The Battle of Martinique also known as Harman's Martinican Bonfire was a major naval battle fought in the Caribbean island of Martinique at St Pierre, from 30 June to 7 July 1667 that came towards the end of the Second Anglo-Dutch War. A French merchantile fleet anchored in the bay led by Joseph-Antoine Le Fèvre de la Barre was attacked by an English fleet led by Admiral Sir John Harman. The English were victorious, virtually wiping out the French merchant fleet in the Caribbean, which was unaccompanied by any naval vessels, and enabled them to secure their domination and position in the West Indies despite being at the war's end.

Background 
The Anglo Dutch war had spread to the Caribbean in 1665 and the English had been quick to capture the Dutch-held colonies of Suriname and St Eustatius. A French declaration of war on the side of the Dutch in mid April 1666 took the situation a step further and buoyed a Dutch counterattack. Quickly the French under Joseph-Antoine Le Fèvre de La Barre took over the English Caribbean islands offsetting English control. First the English half of St Kitts fell, quickly followed by Antigua and Montserrat. The Dutch meanwhile under Admiral Abraham Crijnssen had reconquered the island of Saint Eustacias and following that recaptured Suriname. With the Caribbean clearly in Franco Dutch control Abraham Crijnssen and de La Barre combined forces and agreed to a Franco-Dutch invasion of Nevis on 20 May 1667. However this invasion was repelled by the English in a confused action. After this failed attack and the fallout that followed the French merchant fleet, under de la Barre, moved to Martinique. The Dutch under Crijnssen moved to the Virginia colony to make an attack there.

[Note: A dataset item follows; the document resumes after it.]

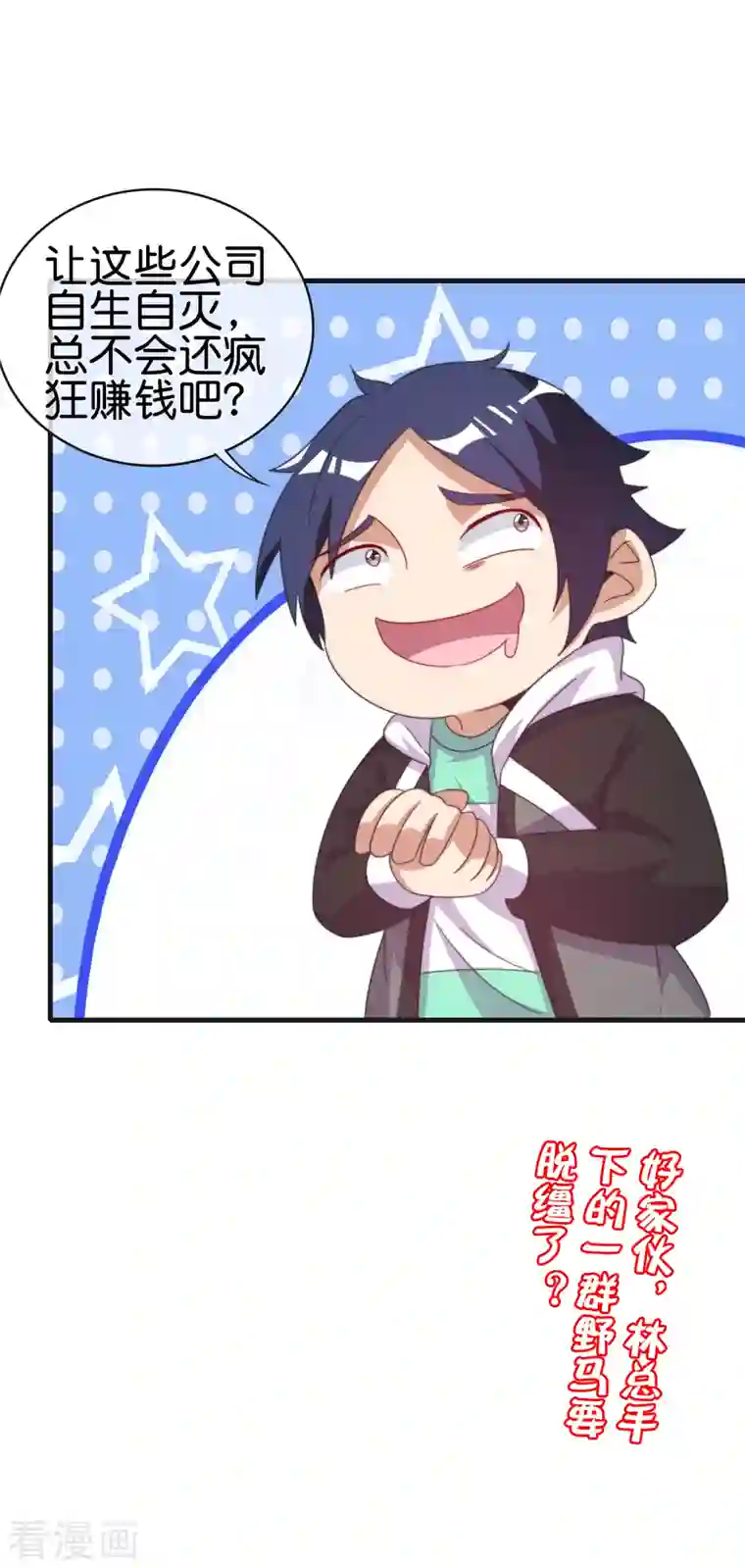 今天开始当首富第240话 社会经济学！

In early June a new British fleet, under the command of Rear-Admiral Sir John Harman, reached the West Indies. Harman brought seven men-of-war and two fireships with him, transforming the balance of power in the area. He set sail southeast from Nevis to try and intercept de La Barre's fleet and so headed for Martinique on 25 June. Harman with his original squadron, plus Jersey and the fifth rate frigate Norwich now had a total strength of eight ships of the line, a frigate, two fireships, and two ketches. He saw nineteen French West India Company vessels and fourteen Martinican traders huddled beneath Fort Saint Pierre and protected by two smaller forts by midday of 29 June.

Harman's squadron
 Lion (58 guns) flagship
 Jersey (50)
 Crown (48)
 Newcastle (50)
 Dover (46)
 Bonaventure (48)
 Assistance (46)
 Assurance (38)
 Norwich (26) frigate
 Joseph fireship
 Prosperous fireship
 Portsmouth (10) ketch
 Roe (8) ketch

Battle

30 June 
At 4:30 pm Harman's formation attacked and stood into the bay; all ships were in action within half an hour. The combined fire of the anchored ships and batteries did some damage to Harman's ships but also the French ships and forts had suffered some damage too. After nearly an hour of desultory fire Harman withdrew with the wind in his favor. This tactic of drawing the French fire was to become part of Harman's strategy, for he knew that the French would soon run out of powder eventually. The French were blockaded so no reinforcements could get through. The English could be resupplied if they needed it.

1 July 
The next day in the afternoon Harman's flagship Lion and three Fourth Rates led the English fleet back into Saint Pierre's Bay precipitating a four-hour firefight that ended with the English vessels becoming becalmed, obliging them to be towed out of range by the end of the day. The English rowers suffered heavily but managed to succeed in getting the ships out. Damage to the French ships was moderate but Harman knew the strategy would work.

2 July 
On 2 July Harman again assaulted the main harbor, engaging in a spirited three-hour exchange with its anchored warships and batteries under Lieutenant-Général Joseph-Antoine Le Fèvre de La Barre, the Governor Robert de Clodoré, and Commodore de Loubière before the English were obliged to withdraw again. The French, suffering heavy casualties, are hoping for relief but no ship can get out because of the blockading English ships.

4 July 
On 4 July after repair damage at 10 am, Harman made his third attack into the harbor, obliging its French defenders to expend a good deal of their remaining powder during a two-hour exchange. The English withdrew again unmolested. Harman now saw that his strategy was working, so he repaired the damage and was also resupplied by powder and shot from support vessels from Barbados which in course took two days.

6 July 
This time on the 6th Harman and his fleet entered into the harbor again, and noticed French counter fire growing increasingly slack. During a lull, Harman then used a fireship, releasing it which then managed to slip through the smoke and grappled the Lis Couronée which set it ablaze. This conflagration quickly swept through to other French ships; Saint Jean, Mercier, and Lion d’Or, which were consumed down to their waterlines. As a result, French crews panicked forcing them to abandon most other ships.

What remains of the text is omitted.